◆ EXERCISE REQUIREMENTS
The output must be exactly the lines from the "JCrew Jacket" line through the end of the listing below, with no picture included.

◆ EXERCISE INPUTS
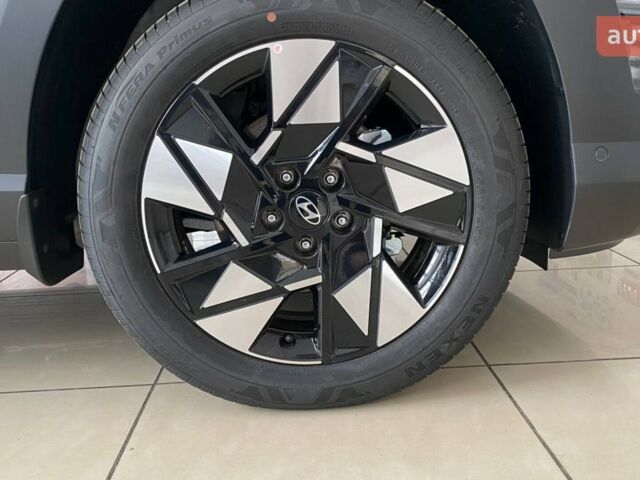 купить новое авто Хендай Kona 2025 года от официального дилера Автоцентр AUTO.RIA Хендай фото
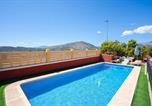 Location vacances Finestrat - Casa Meli-2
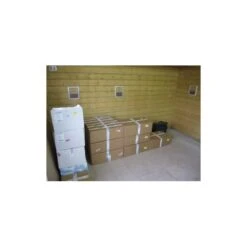 Batterie De 12 Cages 64x30x34 Modèle Champion- New Canariz -Deli Natury Boutique batterie de 12 cages 64x30x34 modele champion new canariz 3000 new canariz livree avec un systeme de rouleaux de papier comme fo 16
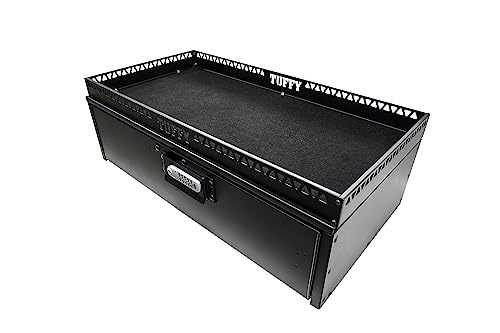 Cargo 10-Drawer Storage Console product image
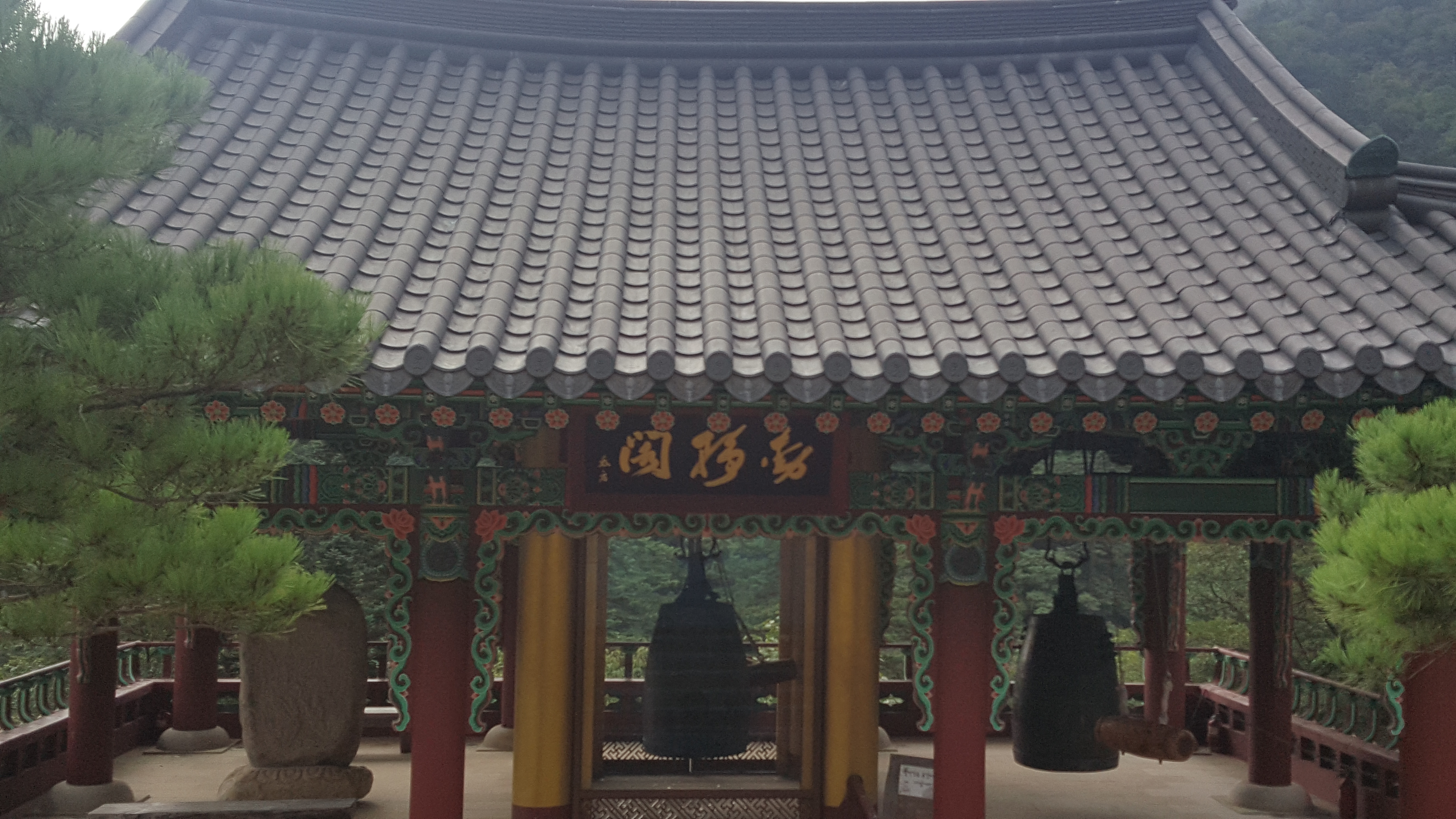 상원사 사진 4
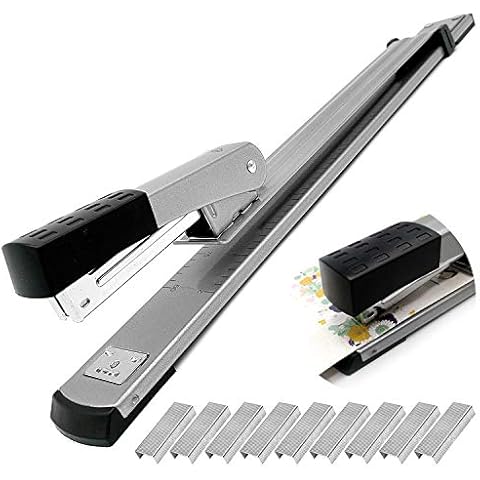Long Arm Stapler Desktop Staplers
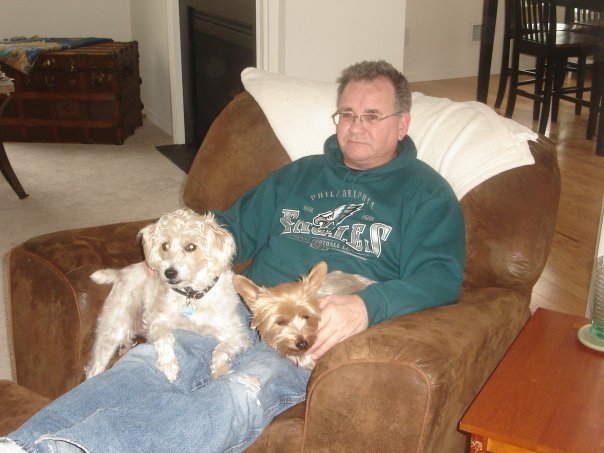 Ed Schappert's album, Profile Pictures
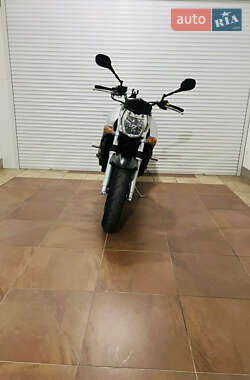 Мотоцикл Без обтікачів (Naked bike) Suzuki GSR 600 2008 в 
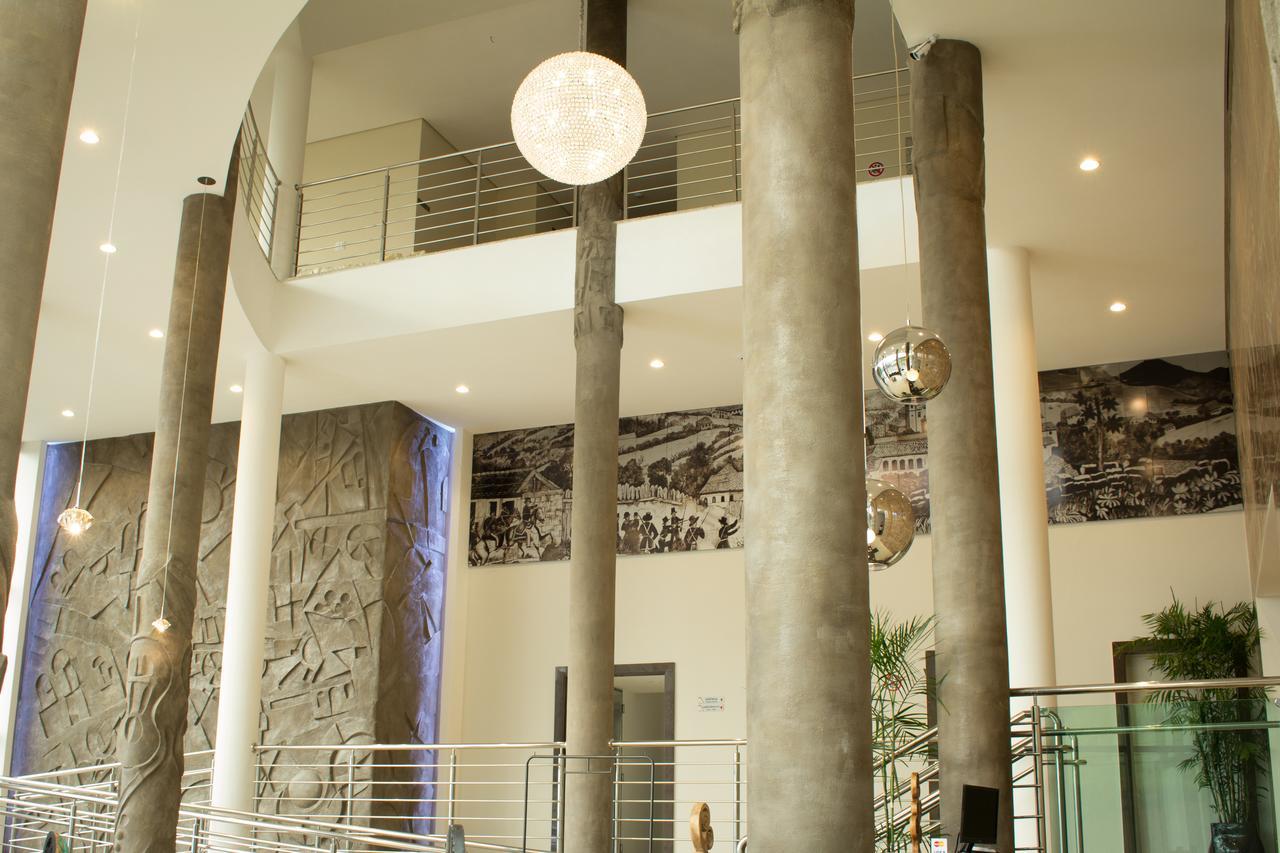 Hotel Minas Platinum & Convention Conselheiro Lafaiete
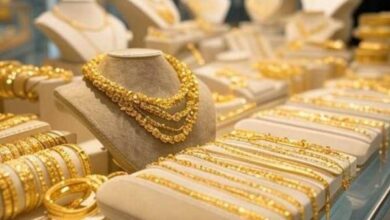 سعر الذهب اليوم الخميس 2 يوليو 2026.. مفاجأة في عيار 21 بعد التراجع الأخير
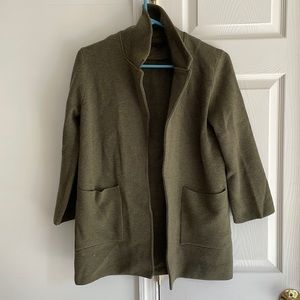 JCrew Jacket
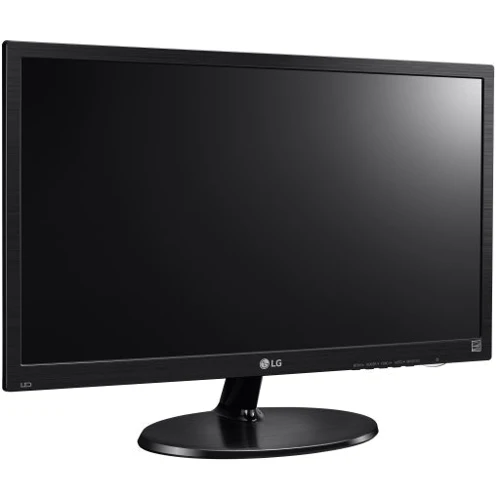 Монитор LG 27MP38VQ-B: Покрытие экрана матовое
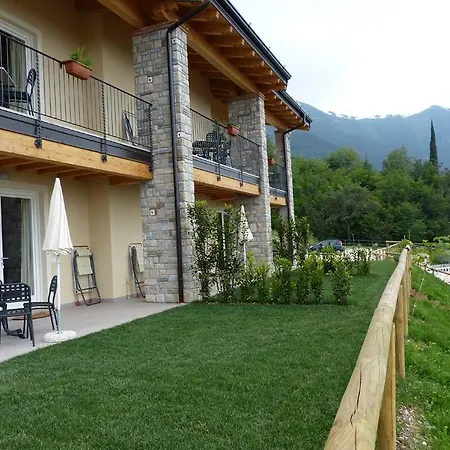 公寓 Casale Di Pegol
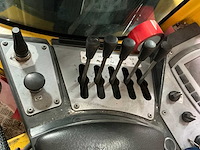 2020 combilift c4000 et zijlader - afbeelding 5 van  20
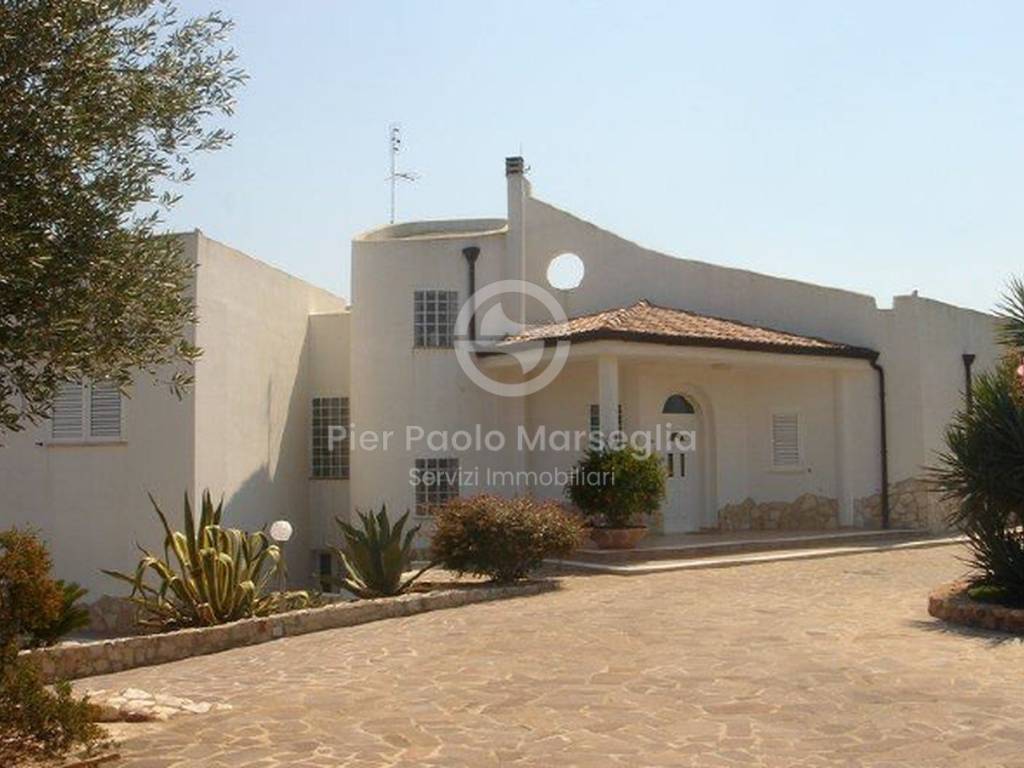 Villa a Ostuni in Contrada Guappi Falghero - Foto 5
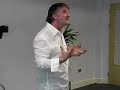 Authors@Google: John Connolly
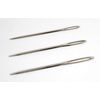 Clover 55-042 H Hanging Needle for Thick Count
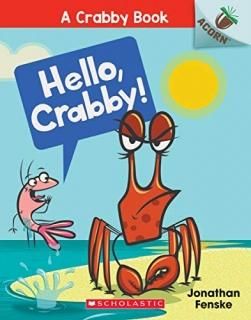 Hello Crabby!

◆ TASK OUTPUT
 JCrew Jacket
 Монитор LG 27MP38VQ-B: Покрытие экрана матовое
 公寓 Casale Di Pegol
 2020 combilift c4000 et zijlader - afbeelding 5 van  20
 Villa a Ostuni in Contrada Guappi Falghero - Foto 5
 Authors@Google: John Connolly
 Clover 55-042 H Hanging Needle for Thick Count
 Hello Crabby!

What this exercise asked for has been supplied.